In light of the US Supreme Court’s decision in Kiobel v. Royal Dutch Shell Petroleum Co., the attorney for GE Energy (USA) wants the Court of Appeals for the Fifth Circuit to dismiss would-be whistleblower Khaled Asadi’s appeal to have his lawsuit, contending that his firing violates the protections provided to him under the 2010 Dodd-Frank Act, reinstated. Asadi filed his complaint against the company last year claiming that his former employer had violated the whistleblower anti-retaliation provisions. The dual Iraqi and US citizen says that he was let go from his job after he told GE Energy’s ombudsman and his supervisor about a hiring situation that could violate the Foreign Corrupt Practices Act.
A district court, however, threw out his case, finding that, per the Supreme Court’s ruling in Morrison v. National Australia Bank Ltd., applying the anti-retaliation provisions to behavior that happened abroad is precluded. Asadi then went to the Fifth Circuit, arguing that Dodd-Frank protects employees that report violations of any rule, law, or regulation that is under SEC jurisdiction. He claims that these protections extend to US citizens who work abroad and report information about securities violations.
Asadi believes that the way Dodd-Frank incorporates the FCPA supports his claim that the whistleblower protections do have “extraterritorial applicability.” He noted that the anti-corruption statute has a “clear statement rule” that is applicable to individuals and companies outside the US.

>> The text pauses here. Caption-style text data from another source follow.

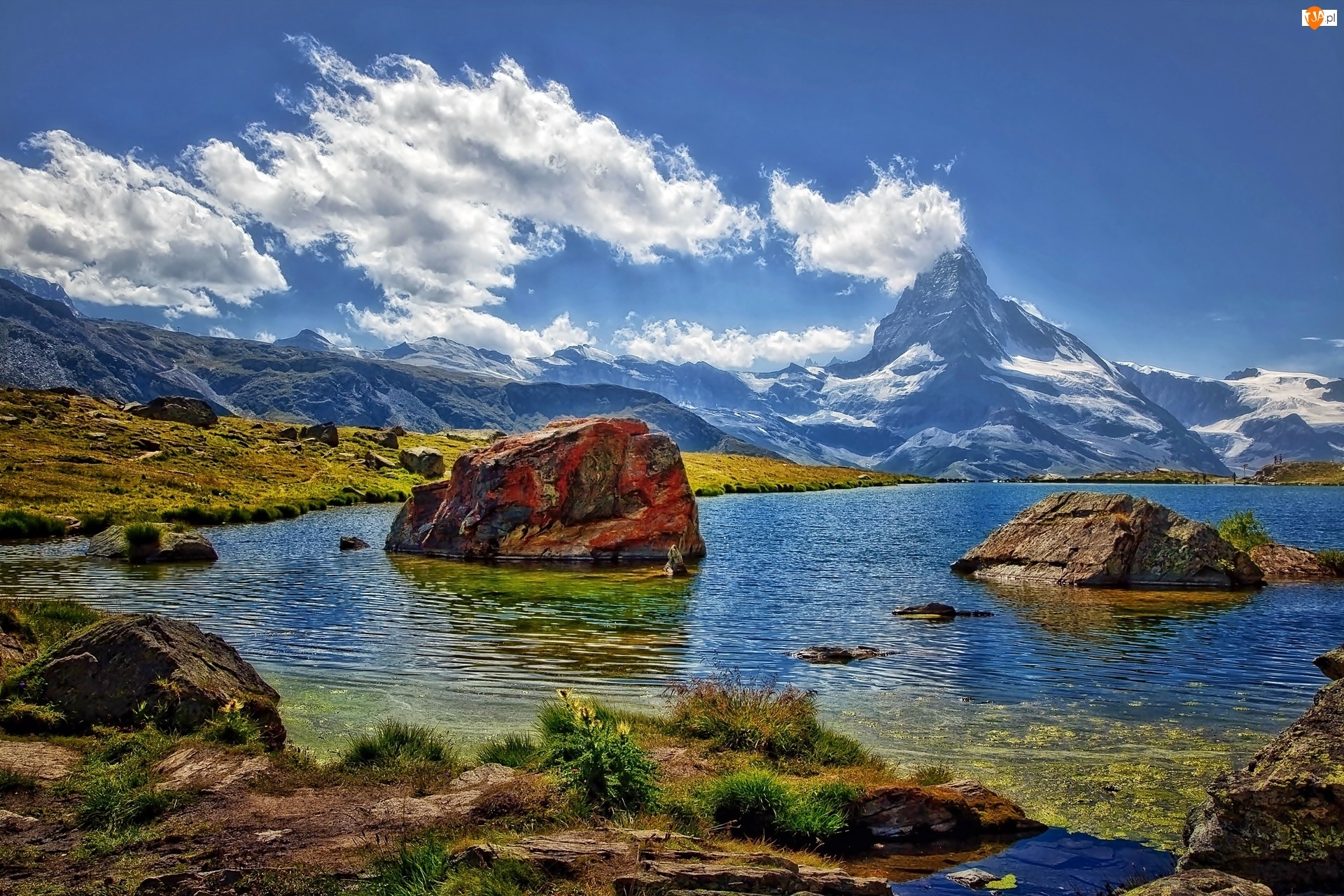 Matterhorn, Głazy, Alpy, Roślinność, Szczyt, Jezioro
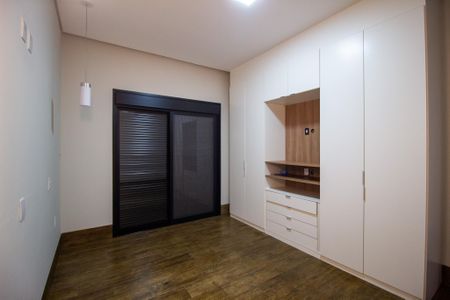 Casa de condomínio para alugar com 220m², 3 quartos e 4 vagas Casa de condomínio para alugar com 220m², 3 quartos e 4 vagasSuite 1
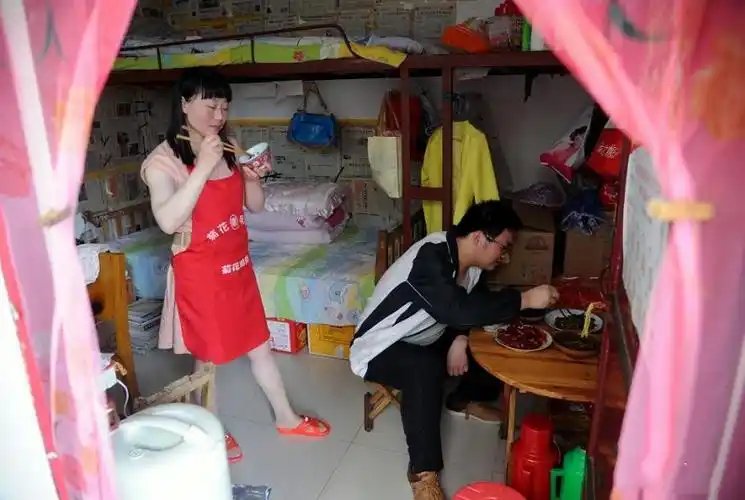 毛坦厂中学陪读妈妈有多辛苦双手为孩子当饭桌比高三学生还累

In the Kiobel ruling, the justices voted to affirm the dismissal of the Alien Tort Statute claims submitted by Nigerian nationals against certain British, Nigerian, and Dutch companies over the alleged aiding and abetting of the Nigerian government in numerous law of nations violations, including torture and extrajudicial killings. Chief Justice Roberts wrote that the presumption against extraterritoriality can apply to ATS claims and that there is nothing in the statute that successfully counters this presumption. Now, GE Energy’s legal representation contends that like the Supreme Court’s ruling in Kiobel, the district court’s decision in this case also depended on the presumption against extraterritoriality.